▶ **The task**: Take the entries that follow and return only the lines from the one with "Blue cane corso yavrular" through the final line, leaving every picture behind.
○ ○ ○
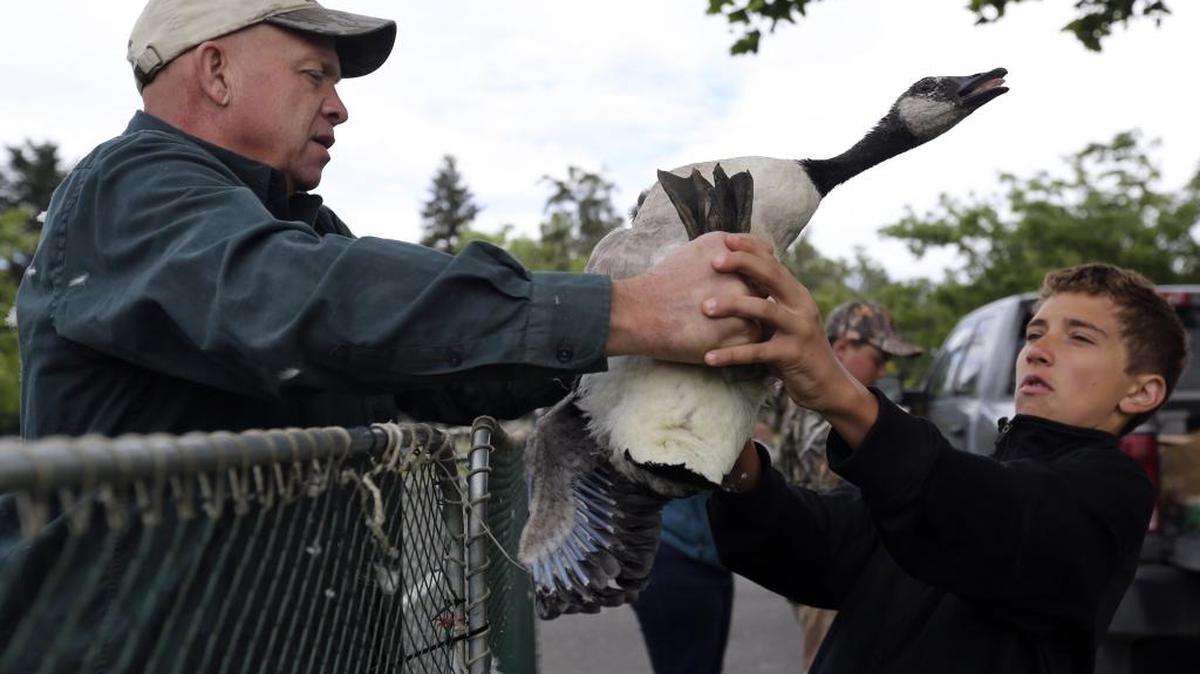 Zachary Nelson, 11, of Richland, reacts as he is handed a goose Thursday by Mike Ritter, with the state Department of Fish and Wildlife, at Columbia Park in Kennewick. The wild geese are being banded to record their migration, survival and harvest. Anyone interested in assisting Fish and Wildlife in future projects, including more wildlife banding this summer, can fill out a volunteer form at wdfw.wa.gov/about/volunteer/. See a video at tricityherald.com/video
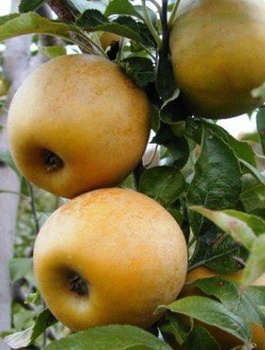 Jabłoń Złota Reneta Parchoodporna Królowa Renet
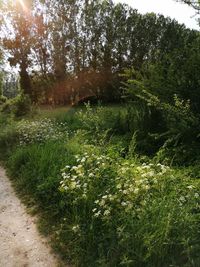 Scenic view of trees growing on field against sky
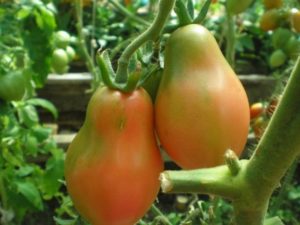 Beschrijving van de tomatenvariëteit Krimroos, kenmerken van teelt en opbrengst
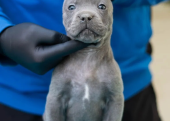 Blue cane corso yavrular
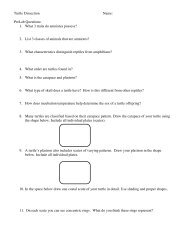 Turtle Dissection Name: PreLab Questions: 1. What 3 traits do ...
○ ○ ○
▶ **Task response**:
 Blue cane corso yavrular
 Turtle Dissection Name: PreLab Questions: 1. What 3 traits do ...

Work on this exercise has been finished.